Automated Remediation Workflow: Our Cloud Functions remediation logic follows this decision tree:
- Can we determine appropriate tag values automatically? (Yes: apply tags, log action, send confirmation)
- Is the resource owner identifiable? (Yes: send notification with 24-hour deadline, No: escalate to platform team)
- After 24 hours, are tags still missing? (Yes: quarantine resource and create incident ticket)
- After 7 days in quarantine, is resource still non-compliant? (Yes: schedule for deletion with final warning)
This graduated enforcement approach balances compliance requirements with developer experience. We don’t immediately break things, but we make it increasingly painful to remain non-compliant.
Results and Metrics: After six months of operation:
- Tag compliance improved from 70% to 98% (2200+ resources properly tagged)
- Audit preparation time reduced from 3 weeks to 2 days (all evidence in Activity Tracker logs)
- Cost allocation accuracy improved from ~60% to 95% (finance can now track spending by department)
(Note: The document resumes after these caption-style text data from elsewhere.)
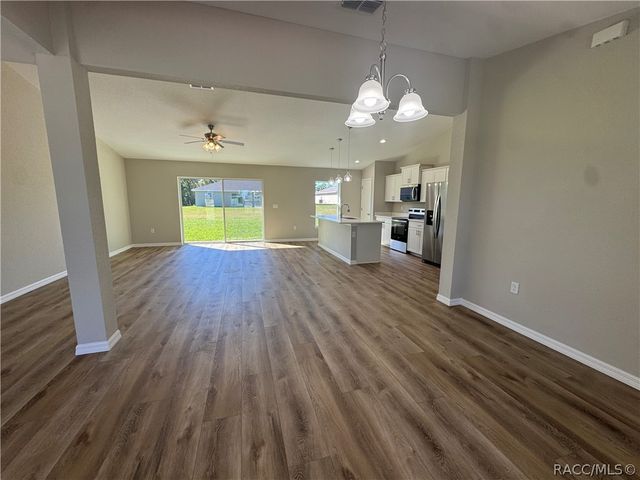 8781 N Quarry Drive, Citrus Springs, FL 34434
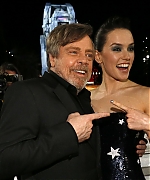 58827320_daisy-ridley-32.jpg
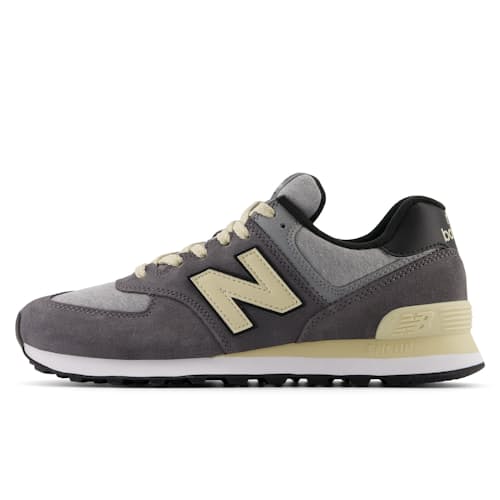 laydown image of 574 Trainer Sneaker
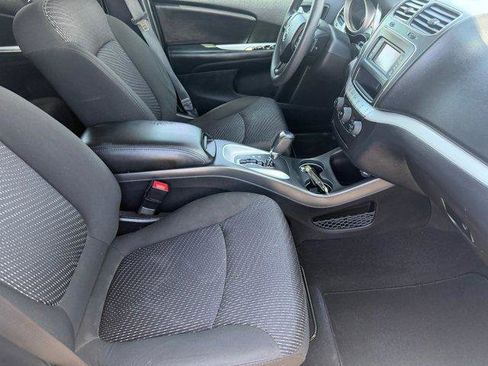 Used 2019 Dodge Journey SE FWD image 12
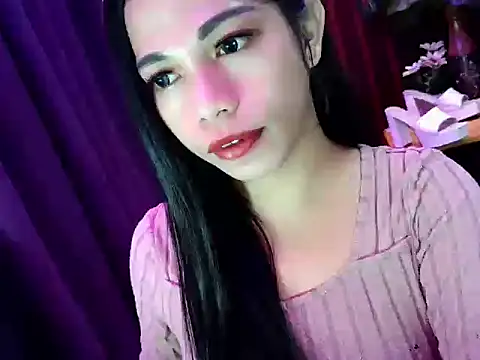 Snapshot of sexyfucksophia chatting on 06/06/26, 09:31 sexyfucksophia online show from 06/06/26, 09:31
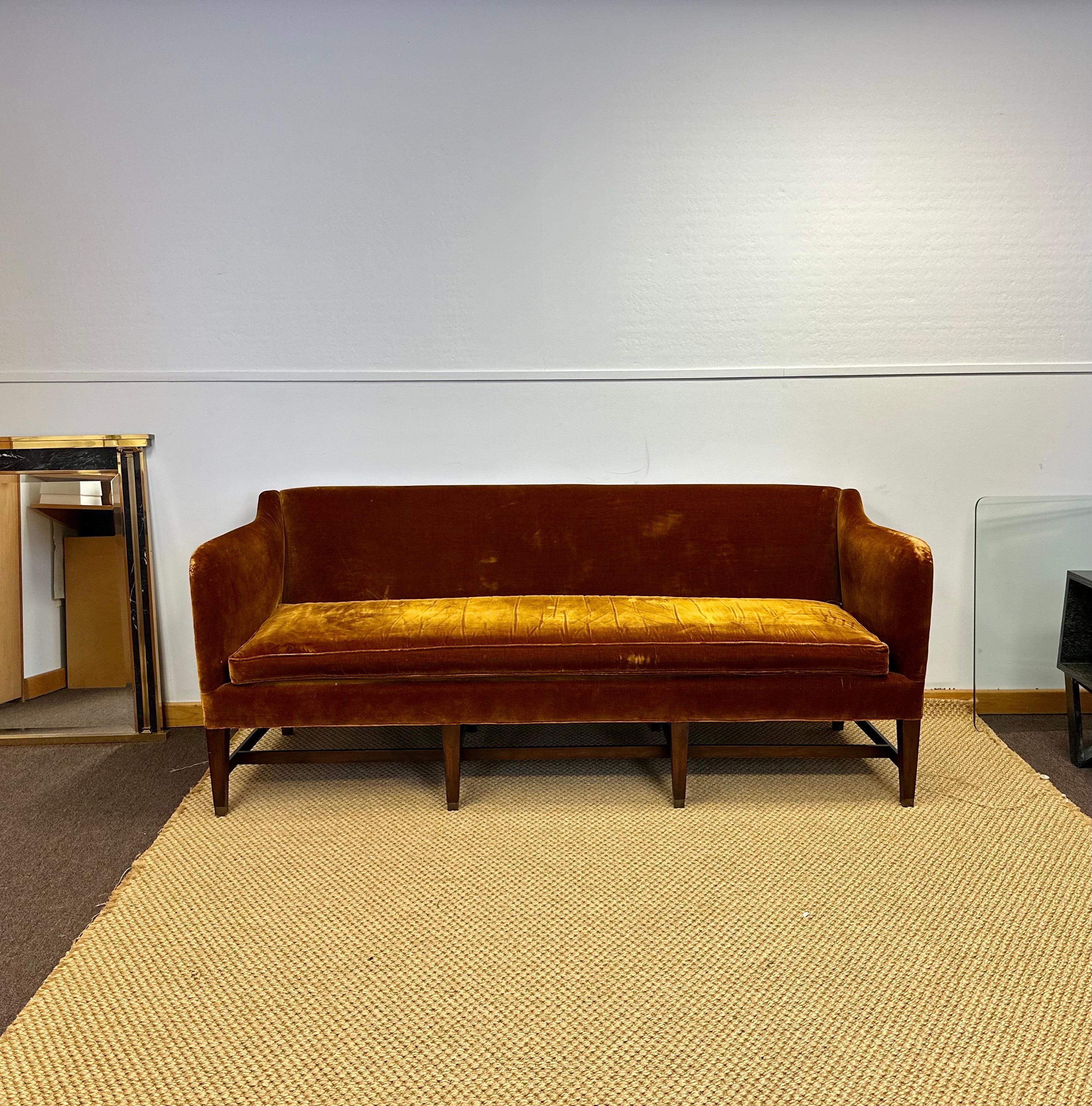 1950s Vintage Federal-Style Patinaed Velvet Upholstery Settee Sofa In Good Condition In Farmington Hills, MI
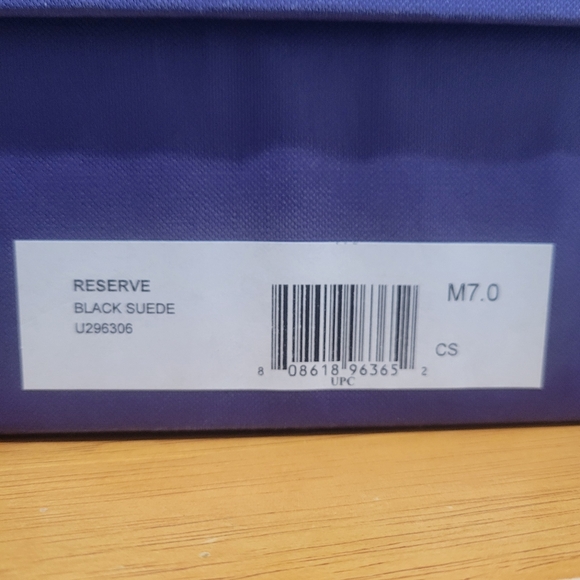 Stuart WeitzmanWomen's Reserve Over the Knee Boots sz 7 - Picture 3 of 9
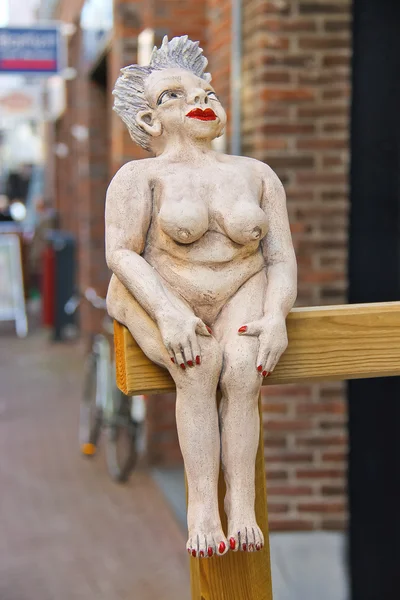 Soška nahé ženy sedící na zábradlí v dordrecht, — Stock fotografie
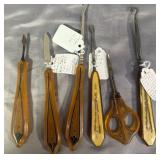 U - VINTAGE BUTTON HOOKS & MANICURE TOOLS (L67)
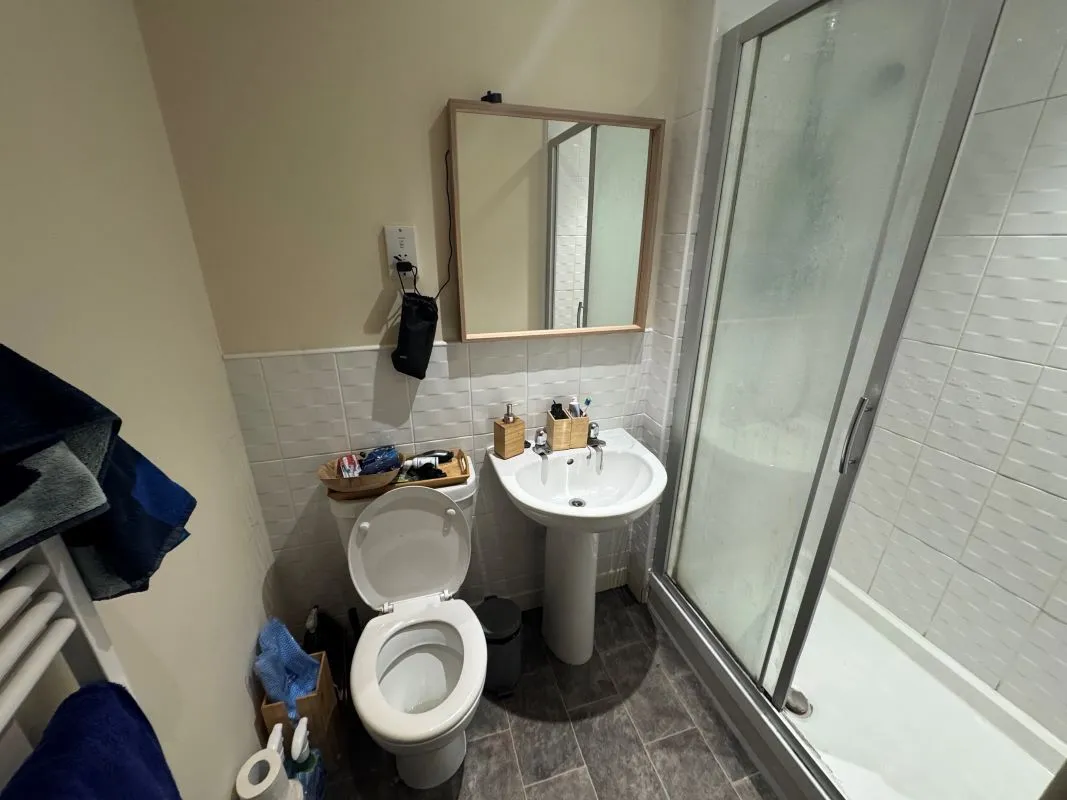 323 Bramall Lane, Sheffield, South Yorkshire, S2 4RQ - Online Auctions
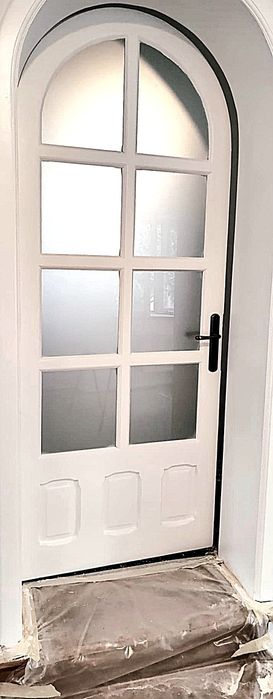 Reconditionar-Reparati usi-si tocuri din lemn.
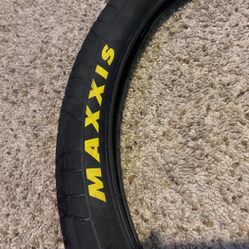 24inch Maxi Hook worm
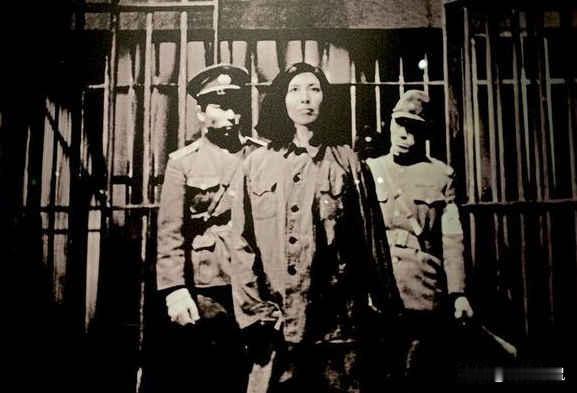 “巾帼英雄”赵一曼，是抗战中军职最高的女将。其独生子却在1982年自缢而亡，死前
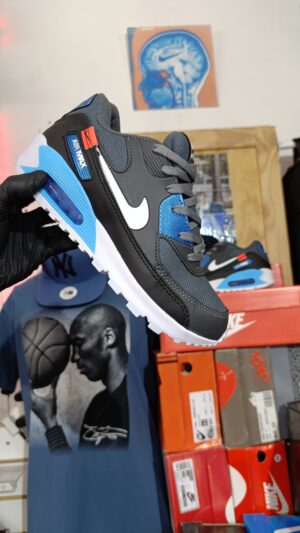 NIKE AIR MAX 90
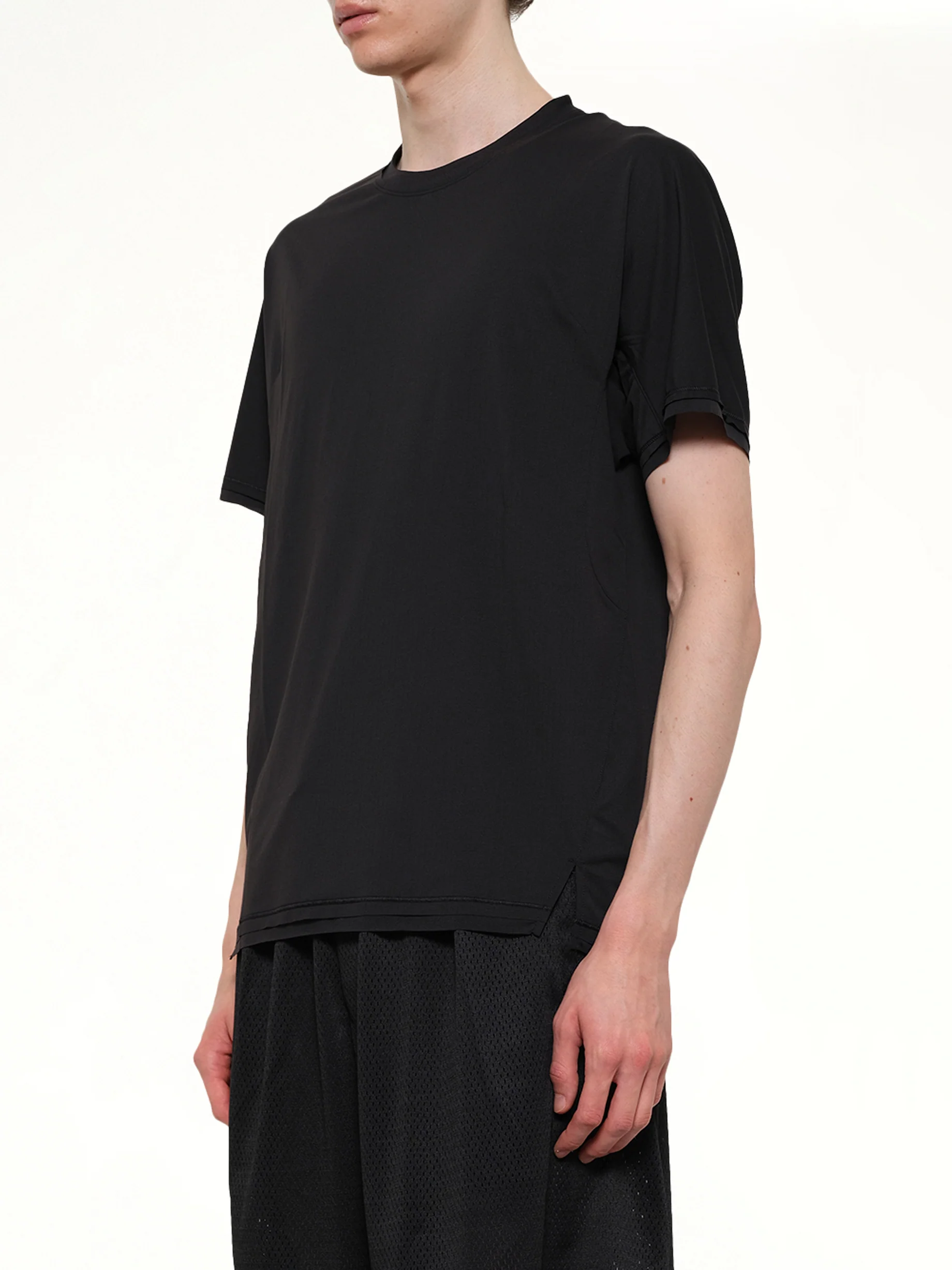 Running T-Shirt in Black - Image 3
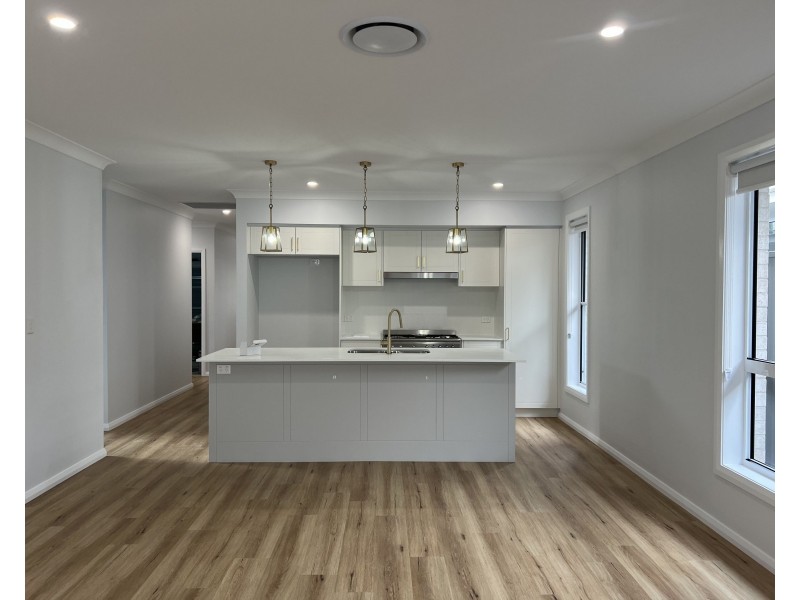 8 Shoreview Lane, Dubbo NSW 2830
- Developer complaints decreased after initial training period (automated tagging in pipelines made compliance transparent)
- Zero security incidents related to improperly tagged resources (previously had 2-3 per quarter)
Key Success Factors:
- Executive sponsorship - we had CISO backing to enforce policies even when it caused friction
- Developer enablement - we built tagging into pipeline templates so compliance was automatic for most use cases
- Clear documentation - we published comprehensive guides on tagging requirements and automation
- Gradual rollout - we piloted with one development team, refined the approach, then expanded organization-wide
- Continuous improvement - we review compliance metrics monthly and adjust policies based on feedback
The combination of IAM policy automation through Schematics and real-time enforcement via Activity Tracker alerts created a robust governance framework that scales with our cloud adoption while maintaining compliance. The key insight was that prevention (pipeline automation) plus detection (Activity Tracker) plus remediation (Cloud Functions) together create a comprehensive solution that no single component could achieve alone.